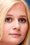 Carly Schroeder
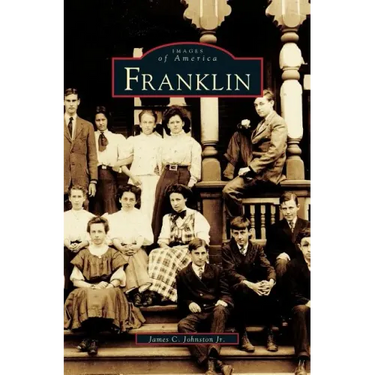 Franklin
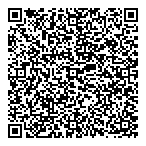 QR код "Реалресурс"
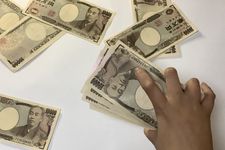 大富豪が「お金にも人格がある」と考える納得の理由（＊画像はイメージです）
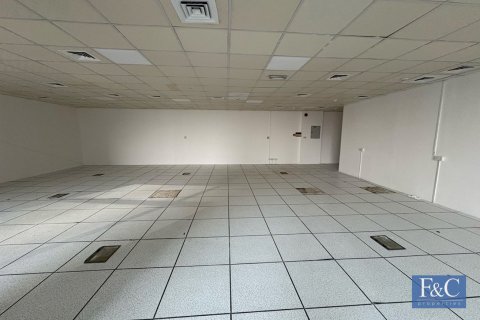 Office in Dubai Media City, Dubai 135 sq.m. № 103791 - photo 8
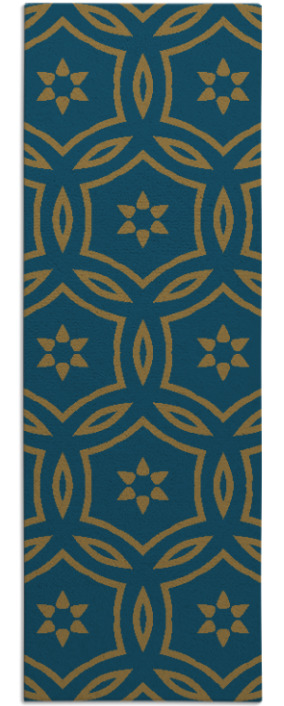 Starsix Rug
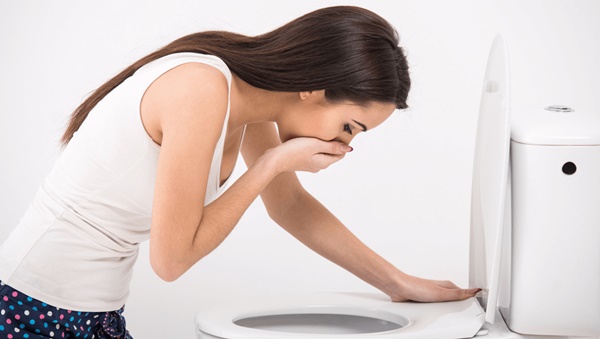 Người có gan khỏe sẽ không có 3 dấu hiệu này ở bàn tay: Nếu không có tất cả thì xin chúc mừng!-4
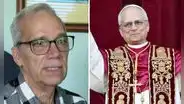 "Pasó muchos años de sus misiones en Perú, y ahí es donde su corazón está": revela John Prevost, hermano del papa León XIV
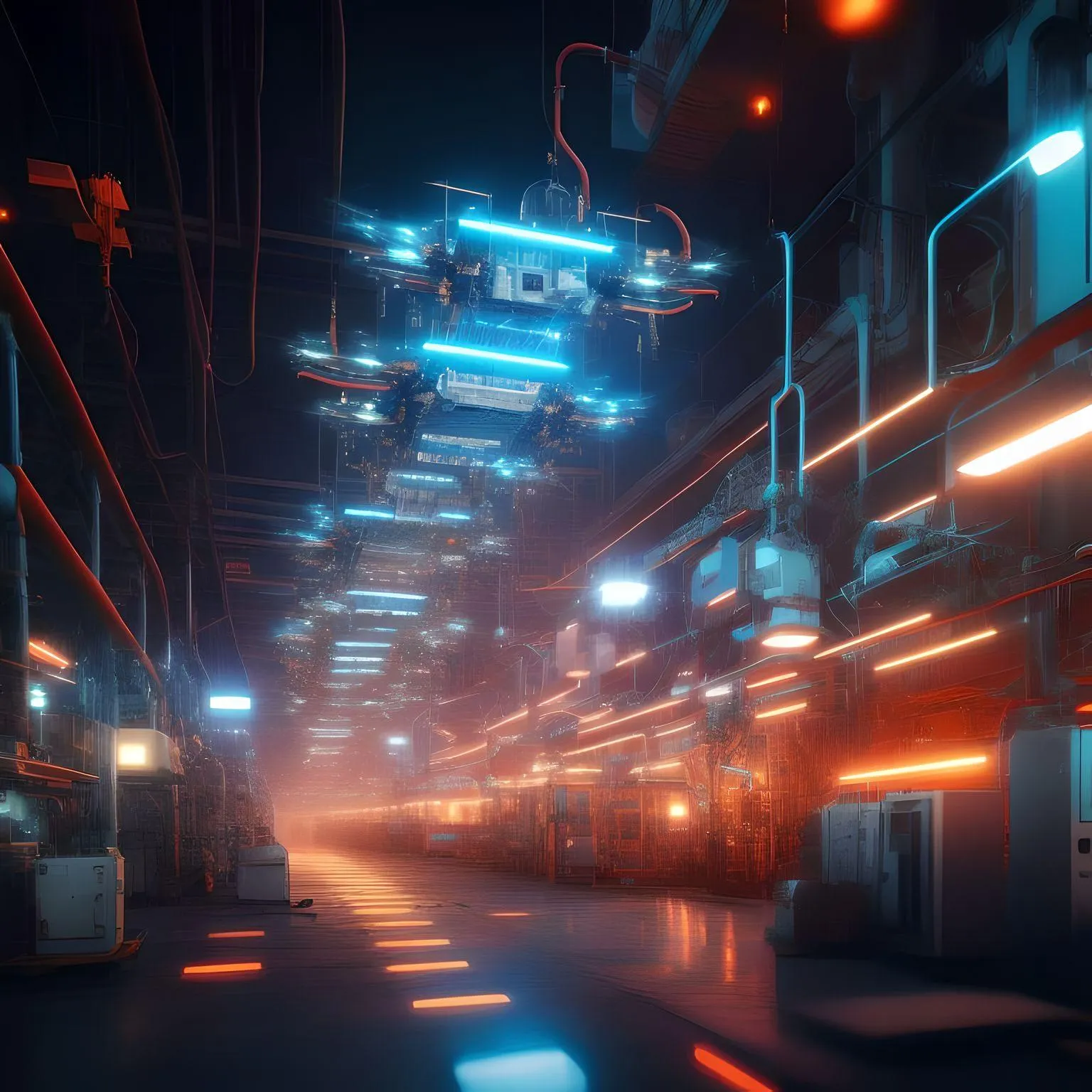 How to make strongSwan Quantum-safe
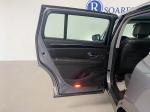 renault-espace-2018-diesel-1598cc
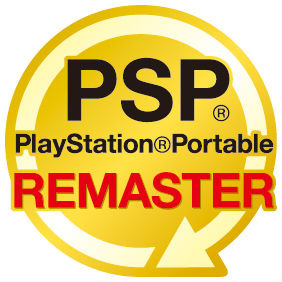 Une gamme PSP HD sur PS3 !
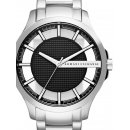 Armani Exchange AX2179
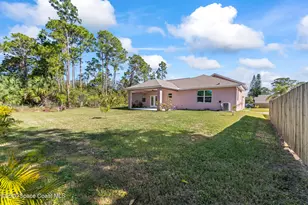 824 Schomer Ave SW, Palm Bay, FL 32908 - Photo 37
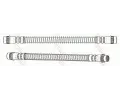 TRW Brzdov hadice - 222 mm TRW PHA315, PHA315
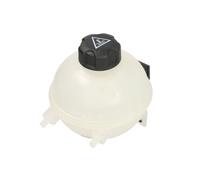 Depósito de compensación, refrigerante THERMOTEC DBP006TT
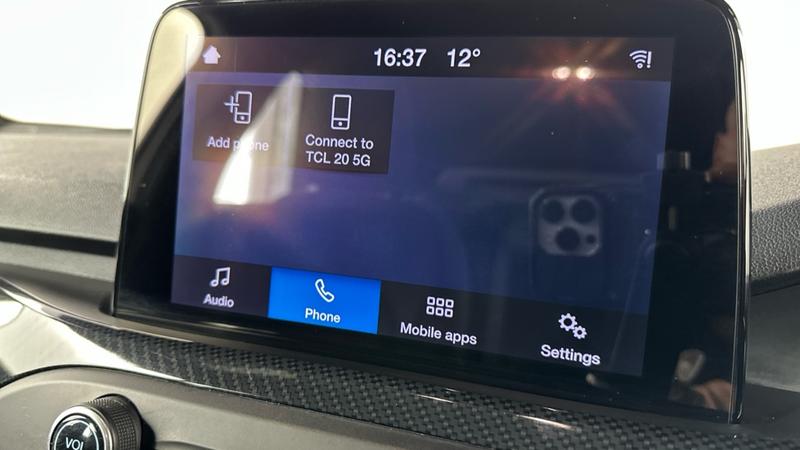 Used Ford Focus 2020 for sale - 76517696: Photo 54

* * *

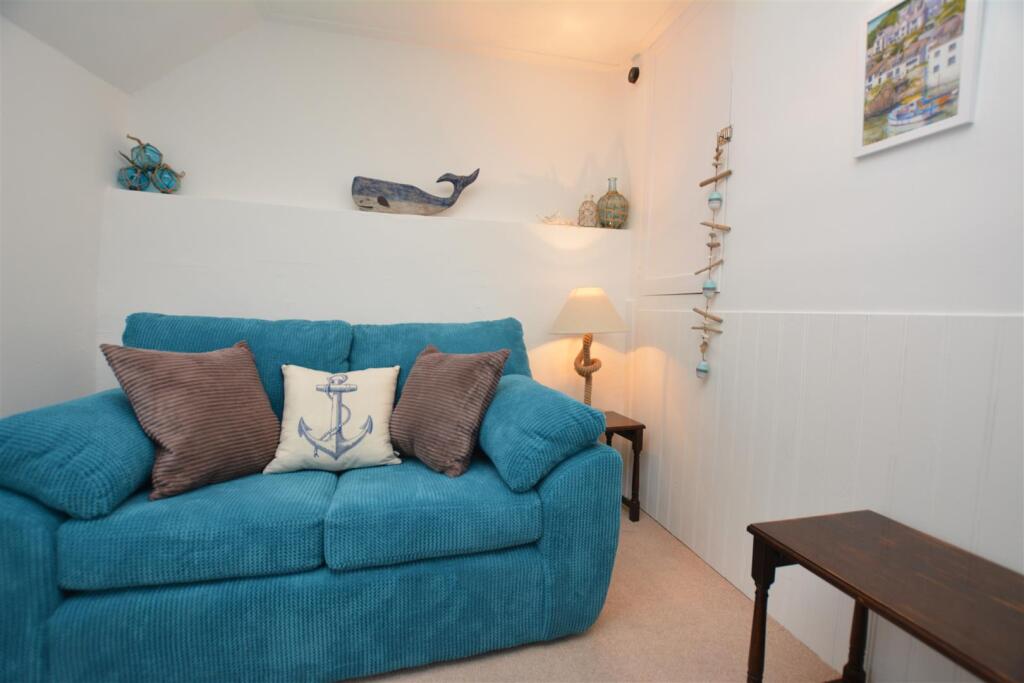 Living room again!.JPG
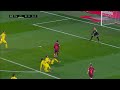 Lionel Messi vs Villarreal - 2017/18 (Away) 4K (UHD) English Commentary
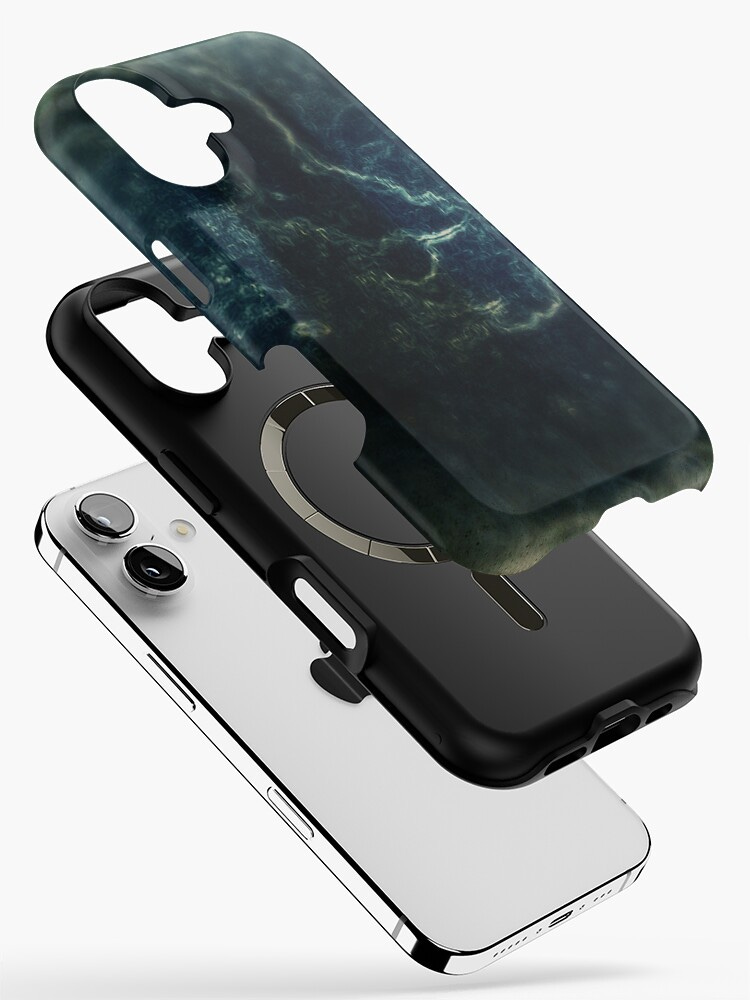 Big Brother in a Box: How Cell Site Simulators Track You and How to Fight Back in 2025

...

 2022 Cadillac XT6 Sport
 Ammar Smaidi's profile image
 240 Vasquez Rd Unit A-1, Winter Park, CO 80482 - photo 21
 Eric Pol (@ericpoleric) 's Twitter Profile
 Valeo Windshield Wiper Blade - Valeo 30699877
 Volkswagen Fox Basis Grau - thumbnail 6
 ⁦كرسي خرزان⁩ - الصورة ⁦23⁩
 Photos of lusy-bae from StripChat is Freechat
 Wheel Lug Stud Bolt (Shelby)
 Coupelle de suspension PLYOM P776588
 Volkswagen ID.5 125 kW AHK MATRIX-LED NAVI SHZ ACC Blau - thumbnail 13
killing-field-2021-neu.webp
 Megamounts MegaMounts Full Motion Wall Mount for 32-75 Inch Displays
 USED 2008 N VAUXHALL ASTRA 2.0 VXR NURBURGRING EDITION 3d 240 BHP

What is required - The total, and nothing more: how many lines in the entries contain "Volkswagen"?

Written solution - 2